Why Is Room-Based Information Transfer Difficult?

Introduction to Acoustics

In acoustics, the distance at which the sound pressure (measured power) of the direct sound (D) and the reverberant sound (R) are equal is called the “critical distance.”

For most reasonably sized rooms this distance is only two or three feet. At distances longer than the critical distance the power of the reverberations (the sum of all the reflections) is greater than the direct sound! That is, the direct-sound to non-direct-sound ratio is negative.
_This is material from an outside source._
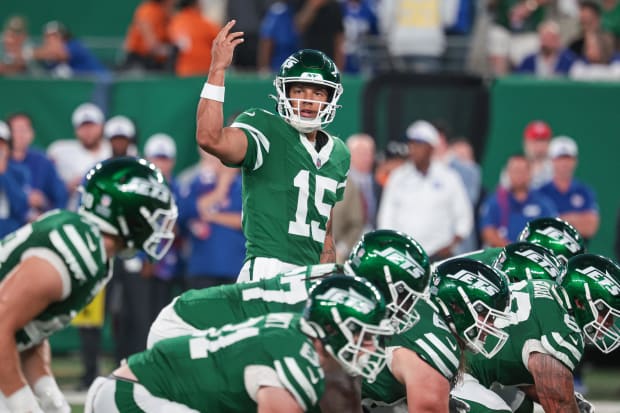 New York Jets quarterback Adrian Martinez signals during the first quarter against the New York Giants at MetLife Stadium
Figure 1 shows the power of the direct sound (D, in blue) and the total power ([D + R], in black) for a room volume of 88 cubic meters and a RT60 reverberation time of 0.8 seconds (the amount of time for the power to decay 60 dB after release of stimulus) as a function of distance from the source (horizontal axis). Note that the total power flattens out to a constant far enough away from the source in what is called “the diffuse field” in acoustics – at these distances the power in the direct sound is negligible.

Figure 1 - Acoustic Critical Distance

If we consider the non-direct-sound power to be a self-noise component (not strictly true for speech as early reflection energy increases speech intelligibility), humans often need to decode in negative signal-to-noise ratio (SNR) distances from the source. Our human auditory system routinely decodes in “negative SNR” settings such as the so-called “cocktail party” situations, where room noise (typically other conversations) is louder than the person we wish to hear. It is well known that humans can decode speech down to about -15 dB SNR (for references, Google “Speech Intelligibility Index”). The human ability to decode in negative SNR is due to: 1) the fact that speech signals are highly redundant (signal is encoded with special redundancy), and 2) the human auditory system itself is designed to exploit the redundancy (allowing it to decode in negative SNR settings).

Successful information transfer in reverberant rooms is no different than speech, the best systems use “redundant encoding” for the transmitted signal (item 1 above) and decoding tuned to the characteristics of the transmitted signal (item 2 above).

In contrast to the human ability to decode in negative SNR, virtually all non-spread spectrum-based transmission systems require positive SNR to decode properly. This is why room-based information transmission is difficult using traditional communications techniques such as tones and the usual forms of modulation; the “information carrying signal” (the direct signal or a more dominant reflection) must have power greater than the non-information carrying components (noise or other reflections). A SNR of 12 dB or more is typically required for most traditional non-spread spectrum communications schemes. This fact alone puts these non-spread spectrum techniques at a deficit relative to human auditory function by over 20 dB!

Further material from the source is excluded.